● **Work request**
Your answer must be a word-for-word copy of the listing, with all pictures excluded.

● **Entries shown**

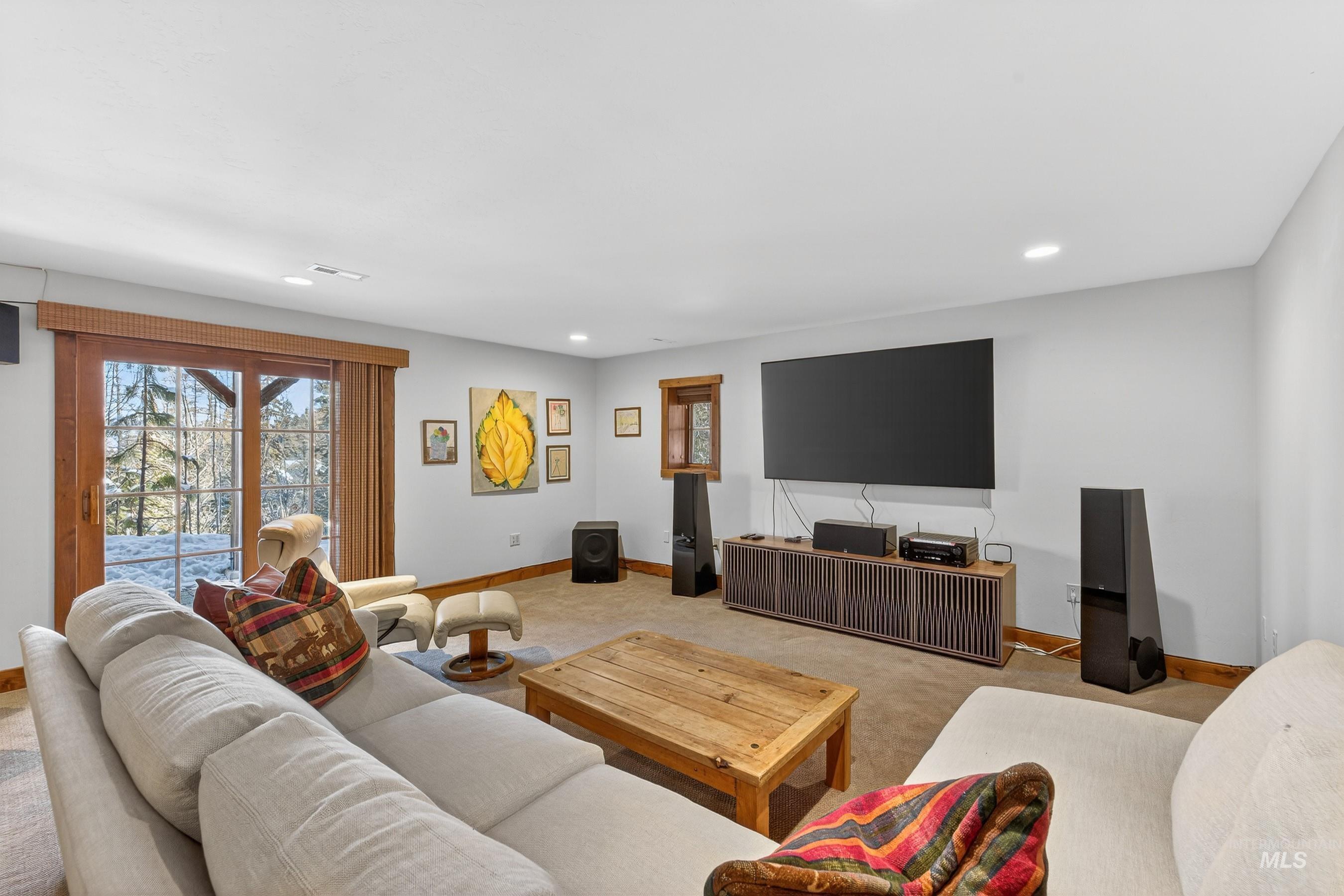 28 Francois Court, Donnelly, Idaho 83615, 4 Bedrooms, 4 Bathrooms, Residential For Sale, Price $1,975,000,MLS 98974452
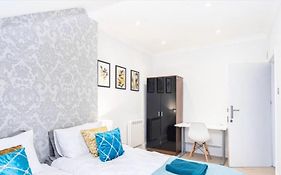 Fantastic Apartment With Views & Parking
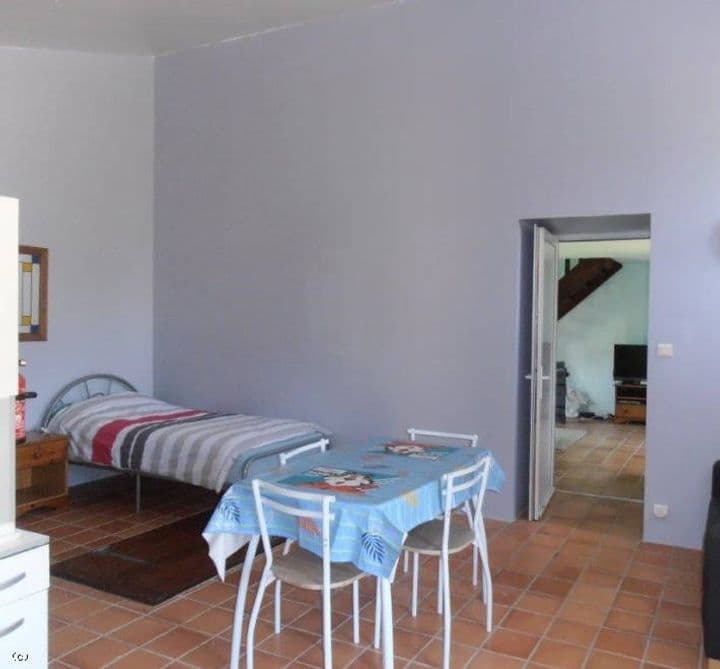 1 bedroom house for sale in Ruffec, France - Image 7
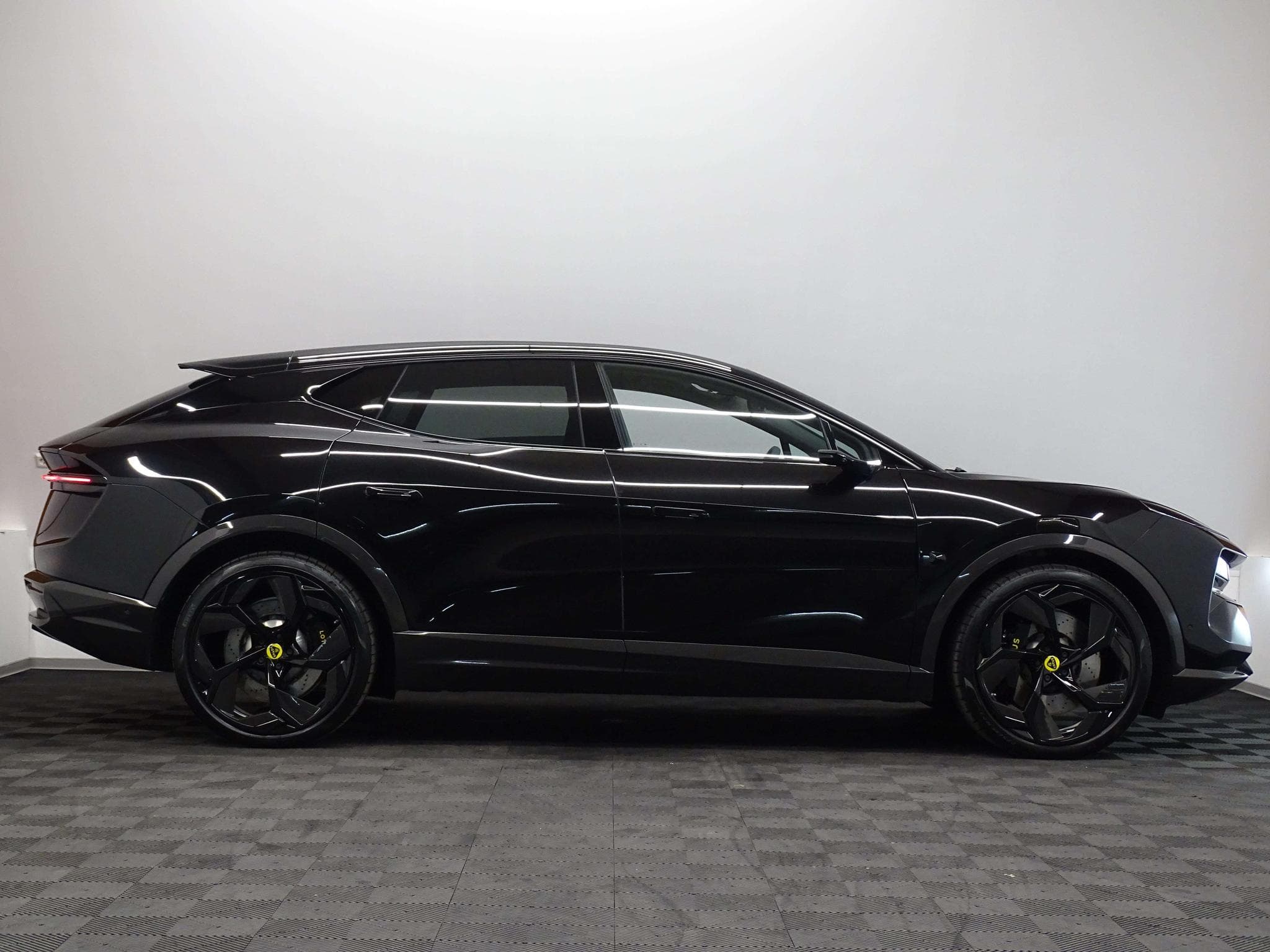 Lotus Eletre R 918ch (2024) - Photo 3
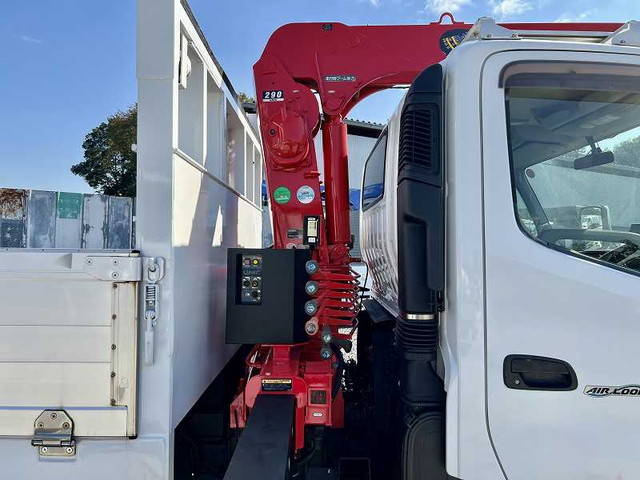 日野デュトロクレーン4段小型（2t・3t）[写真17]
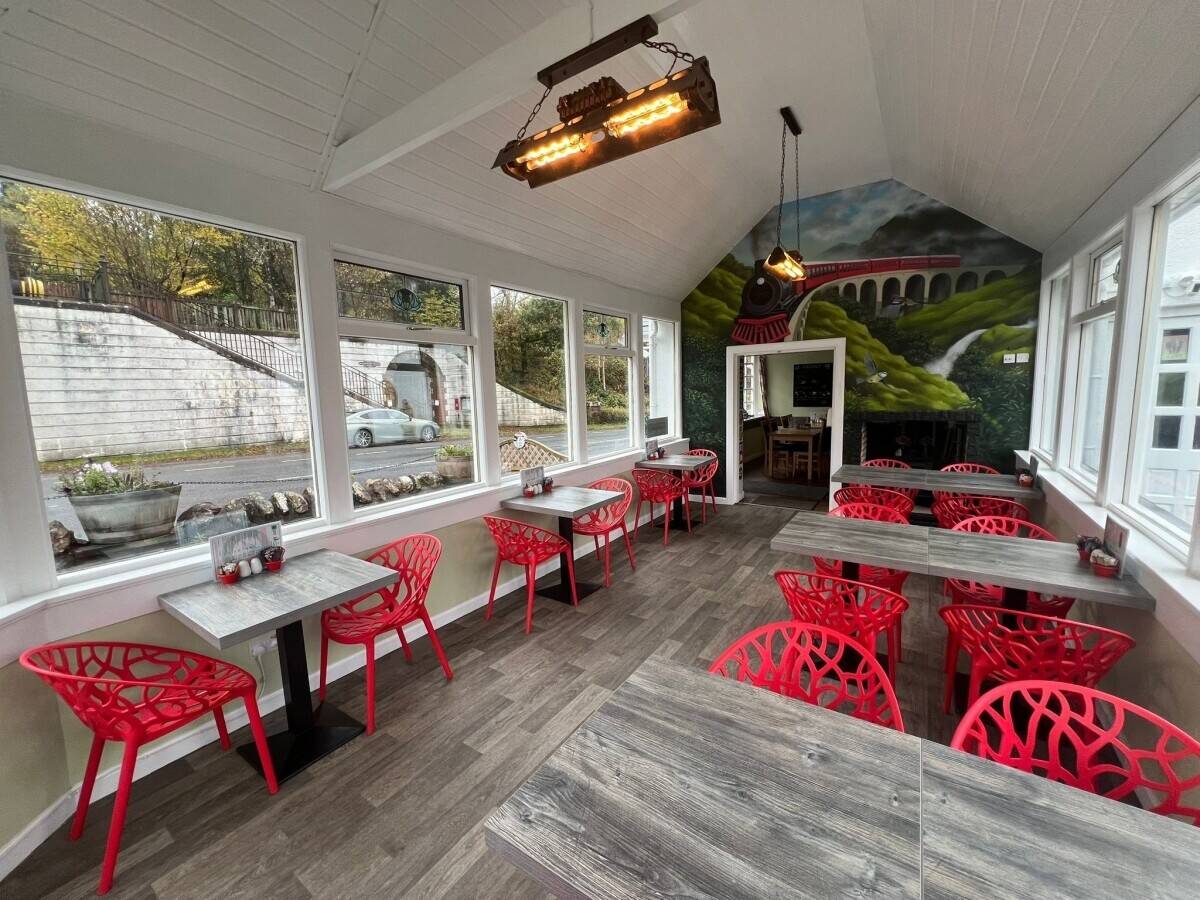 An Extremely Well-Run Cafe Business with 2 Letting Rooms and 2-bedroom Owners Accommodation Ref 1776 Photo 6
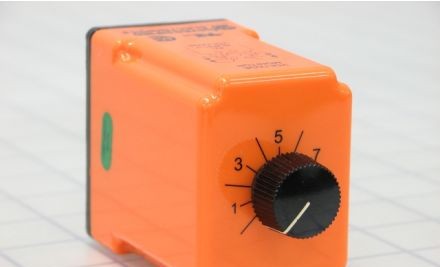 Diversified Electronics Protection Relays UOA240AKA - Under Voltage Relay, 205-250VAC Drop Out (UOA240AKA)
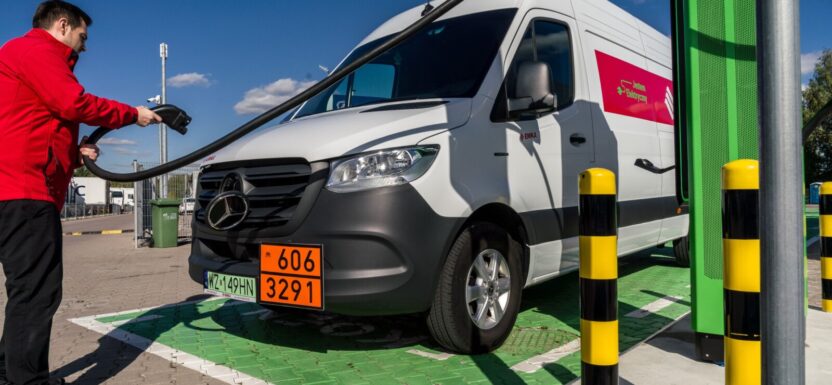 Mercedes eSprinter z DMC 4250 kg we flocie Emka S.A.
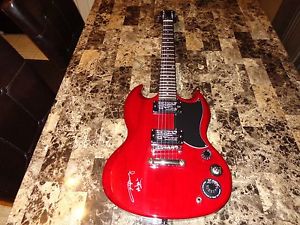 Angus Young Rare Authentic Hand Signed RED SG Guitar AC/DC 2016 Tour + Photo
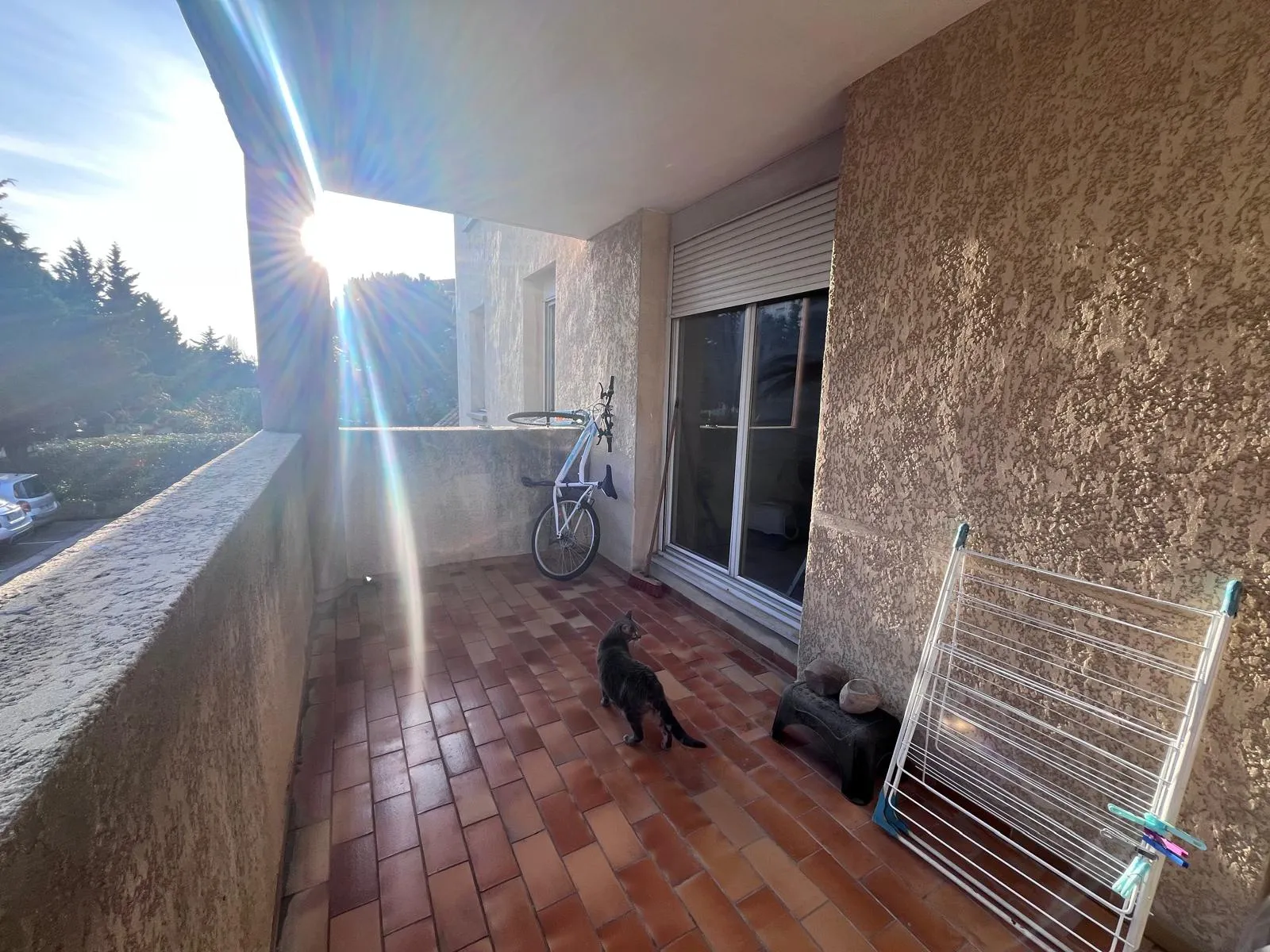 Appartement T2 à Marignane avec terrasse et parking 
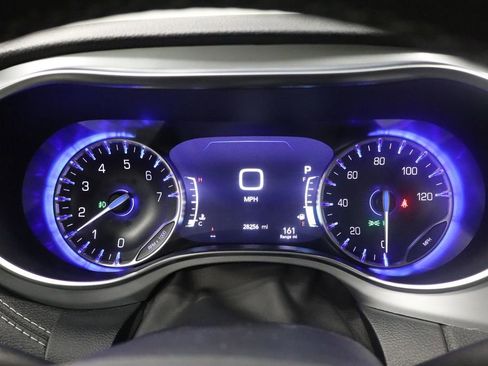 Used 2025 Chrysler Pacifica Limited image 20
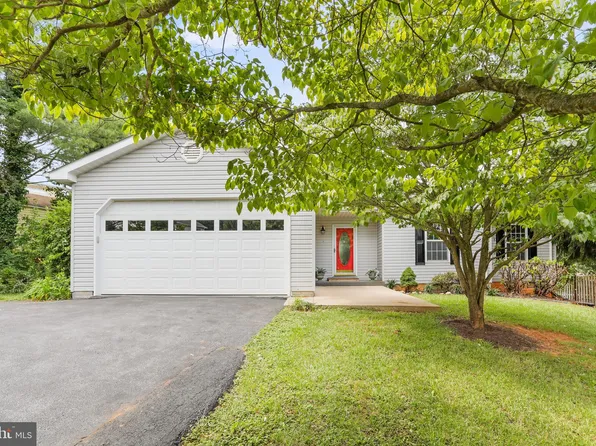 19 Wakeland Ct, Front Royal, VA 22630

● **Final answer**
 28 Francois Court, Donnelly, Idaho 83615, 4 Bedrooms, 4 Bathrooms, Residential For Sale, Price $1,975,000,MLS 98974452
 Fantastic Apartment With Views & Parking
 1 bedroom house for sale in Ruffec, France - Image 7
 Lotus Eletre R 918ch (2024) - Photo 3
 日野デュトロクレーン4段小型（2t・3t）[写真17]
 An Extremely Well-Run Cafe Business with 2 Letting Rooms and 2-bedroom Owners Accommodation Ref 1776 Photo 6
 Diversified Electronics Protection Relays UOA240AKA - Under Voltage Relay, 205-250VAC Drop Out (UOA240AKA)
 Mercedes eSprinter z DMC 4250 kg we flocie Emka S.A.
 Angus Young Rare Authentic Hand Signed RED SG Guitar AC/DC 2016 Tour + Photo
 Appartement T2 à Marignane avec terrasse et parking 
 Used 2025 Chrysler Pacifica Limited image 20
 19 Wakeland Ct, Front Royal, VA 22630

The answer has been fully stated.